Pictures with short captions
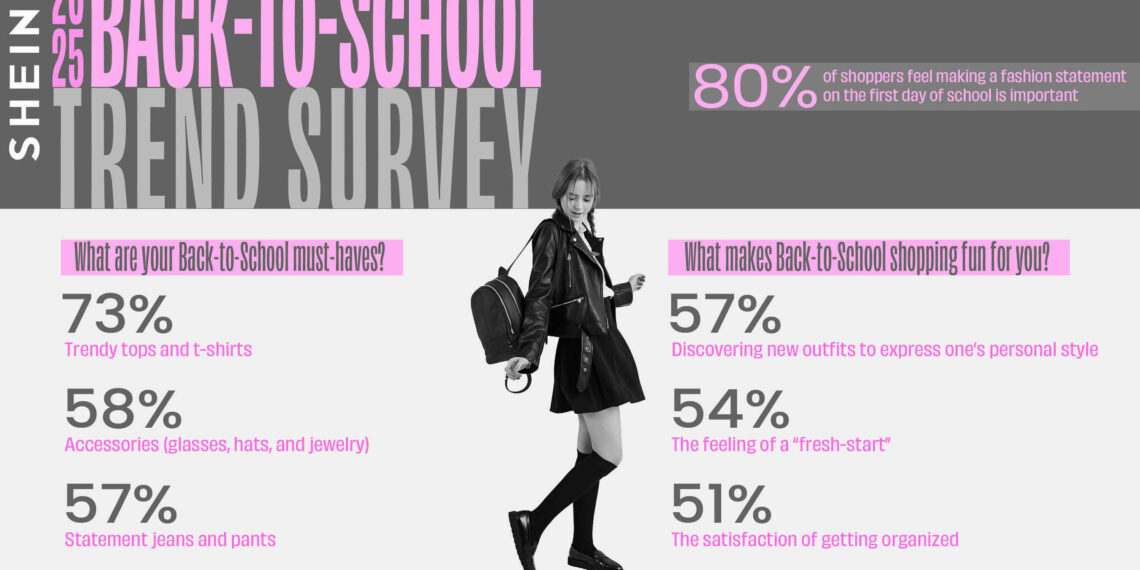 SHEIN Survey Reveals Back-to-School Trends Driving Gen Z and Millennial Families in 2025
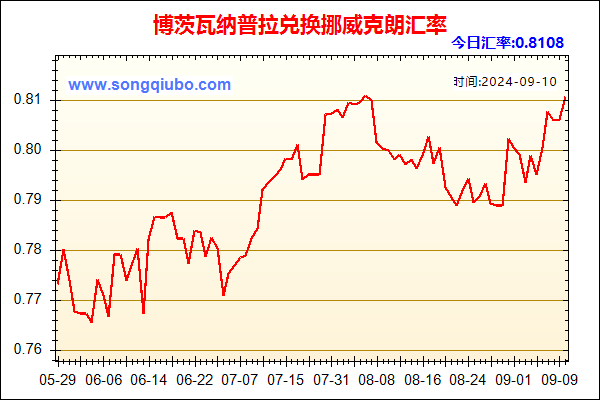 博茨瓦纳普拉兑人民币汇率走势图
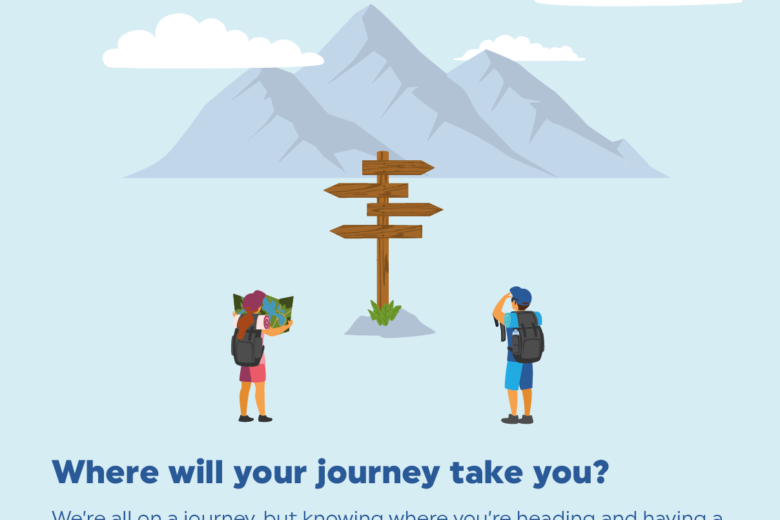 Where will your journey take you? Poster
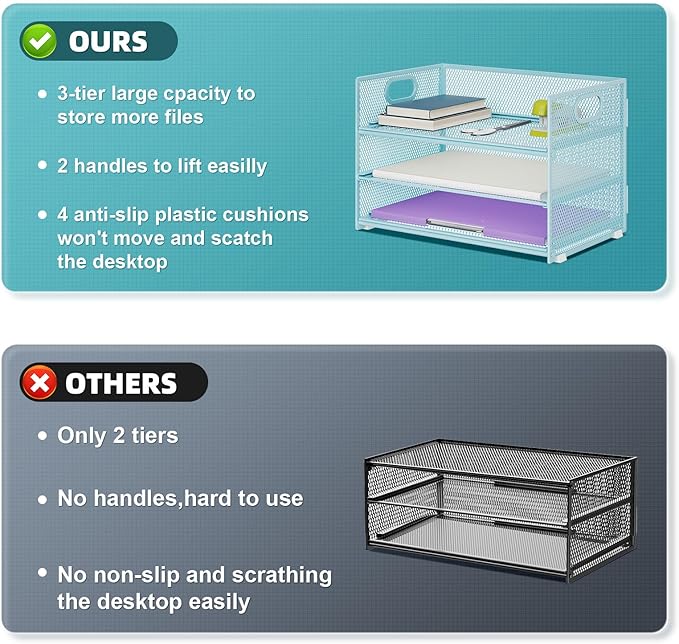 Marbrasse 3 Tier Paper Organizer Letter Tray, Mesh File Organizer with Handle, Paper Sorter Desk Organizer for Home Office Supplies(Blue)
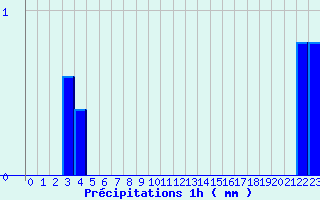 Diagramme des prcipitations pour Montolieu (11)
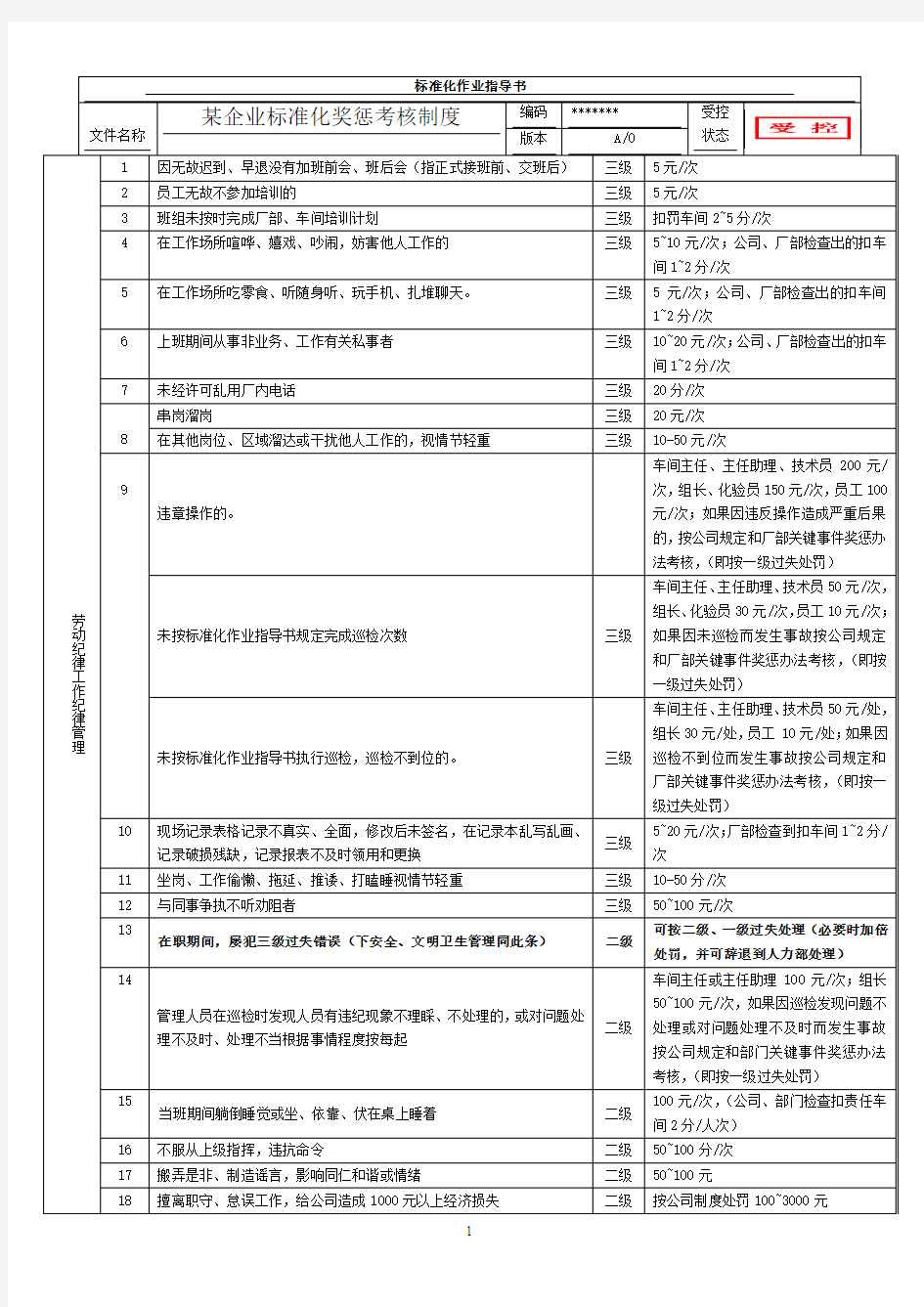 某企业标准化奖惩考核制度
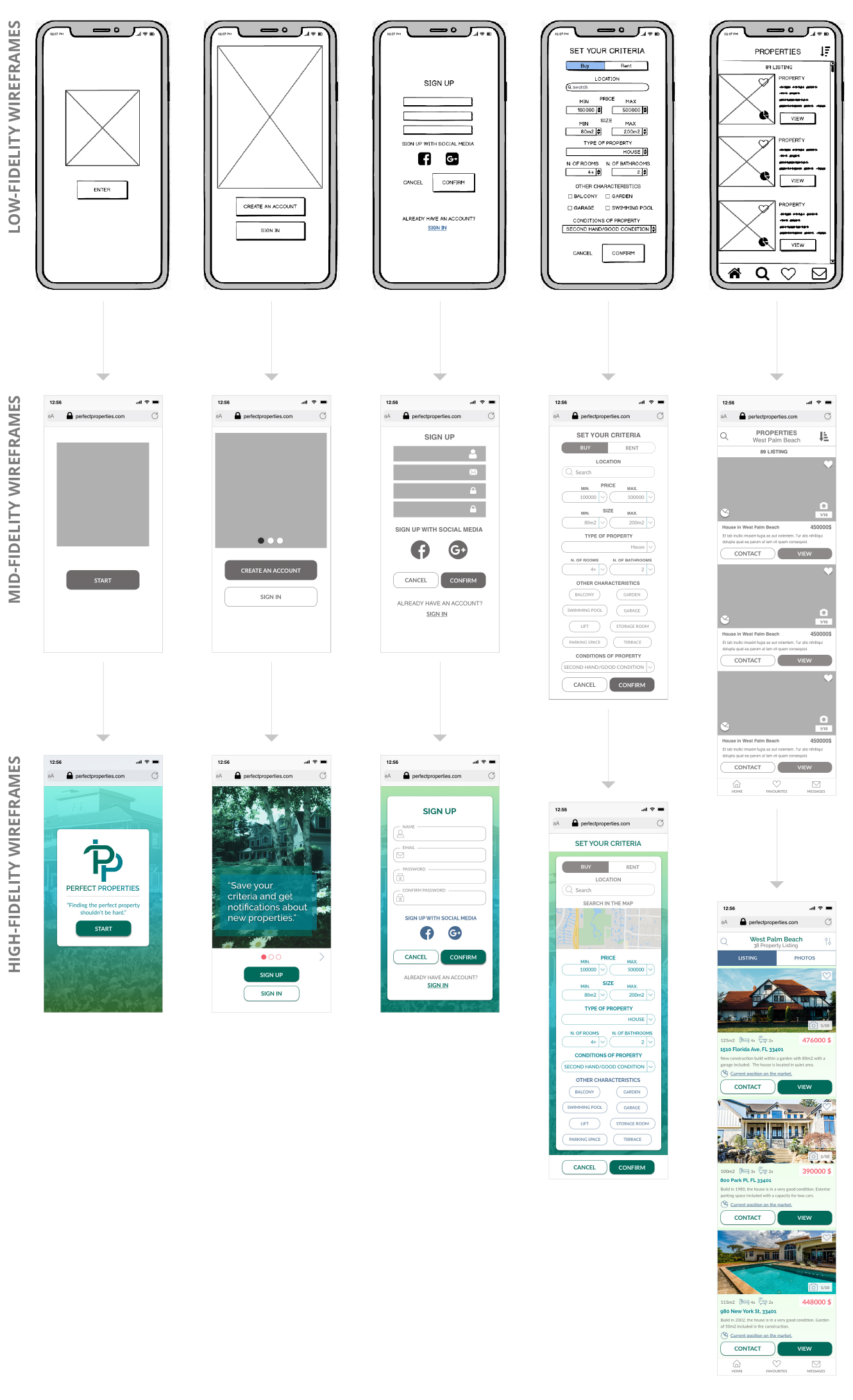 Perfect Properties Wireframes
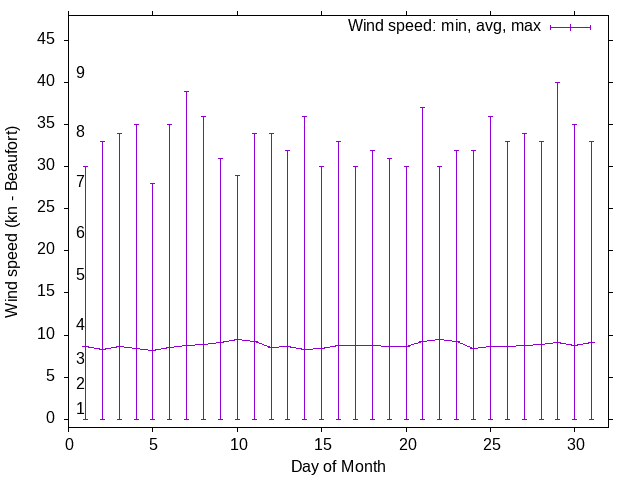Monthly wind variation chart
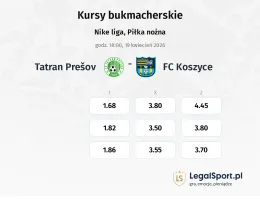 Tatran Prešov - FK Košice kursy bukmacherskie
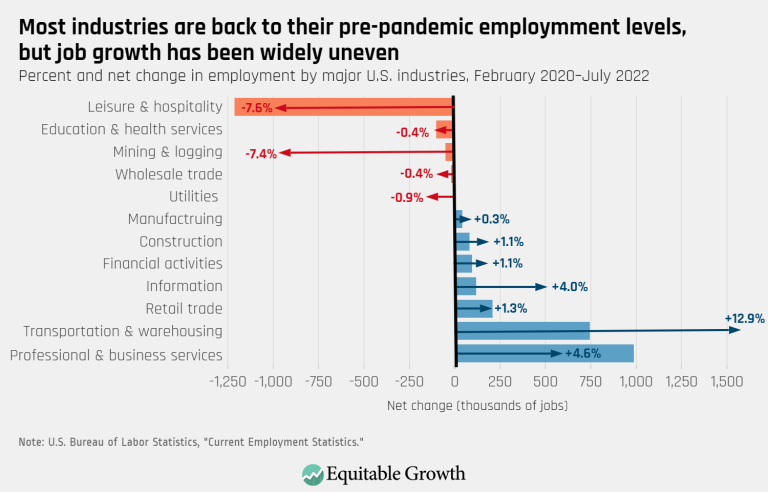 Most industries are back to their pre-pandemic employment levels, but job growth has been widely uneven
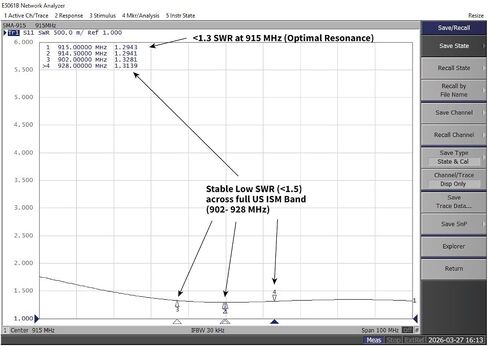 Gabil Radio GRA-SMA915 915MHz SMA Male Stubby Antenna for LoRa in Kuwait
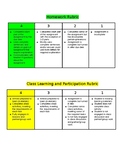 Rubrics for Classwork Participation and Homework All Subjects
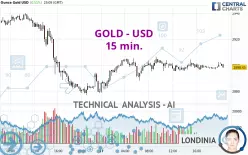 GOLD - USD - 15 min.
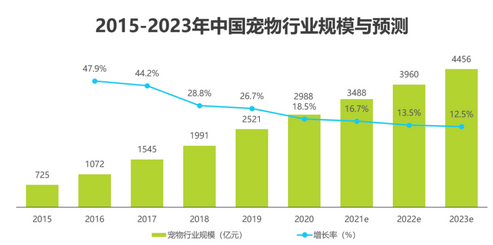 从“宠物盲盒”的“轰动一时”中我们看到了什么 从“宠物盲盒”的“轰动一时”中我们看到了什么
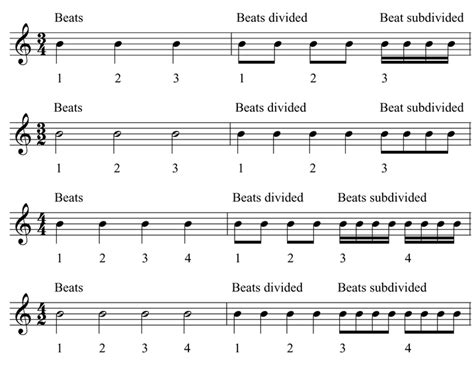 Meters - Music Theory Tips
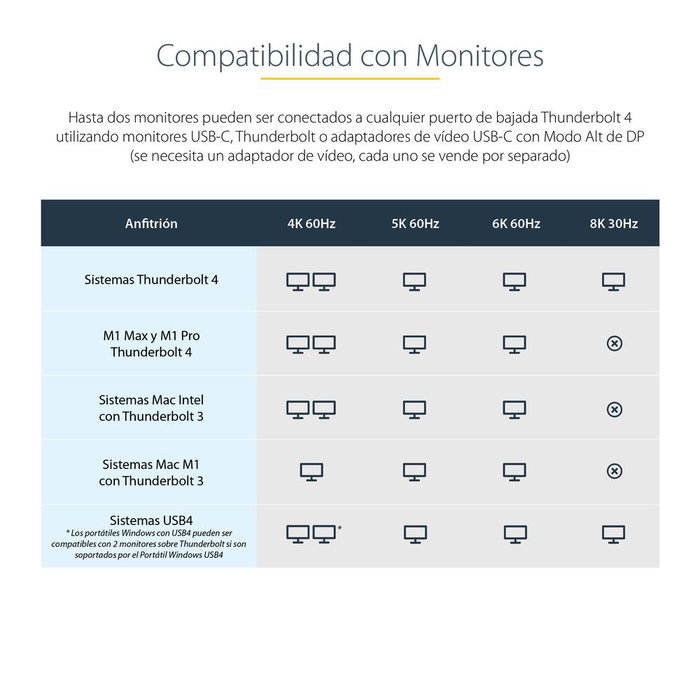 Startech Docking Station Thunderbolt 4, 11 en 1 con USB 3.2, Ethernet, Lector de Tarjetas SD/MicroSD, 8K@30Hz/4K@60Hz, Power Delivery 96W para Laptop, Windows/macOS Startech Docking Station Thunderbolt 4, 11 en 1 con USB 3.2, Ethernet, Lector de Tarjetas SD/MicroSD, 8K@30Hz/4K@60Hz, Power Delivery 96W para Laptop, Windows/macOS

WHAT YOU SHOULD DO
Write out nothing but the lines from the start of the data through the line with "Tatran Prešov - FK". Leave out the pictures.

WRITTEN RESPONSE
 SHEIN Survey Reveals Back-to-School Trends Driving Gen Z and Millennial Families in 2025
 博茨瓦纳普拉兑人民币汇率走势图
 Where will your journey take you? Poster
 Marbrasse 3 Tier Paper Organizer Letter Tray, Mesh File Organizer with Handle, Paper Sorter Desk Organizer for Home Office Supplies(Blue)
 Diagramme des prcipitations pour Montolieu (11)
 某企业标准化奖惩考核制度
 Perfect Properties Wireframes
Monthly wind variation chart
 Tatran Prešov - FK Košice kursy bukmacherskie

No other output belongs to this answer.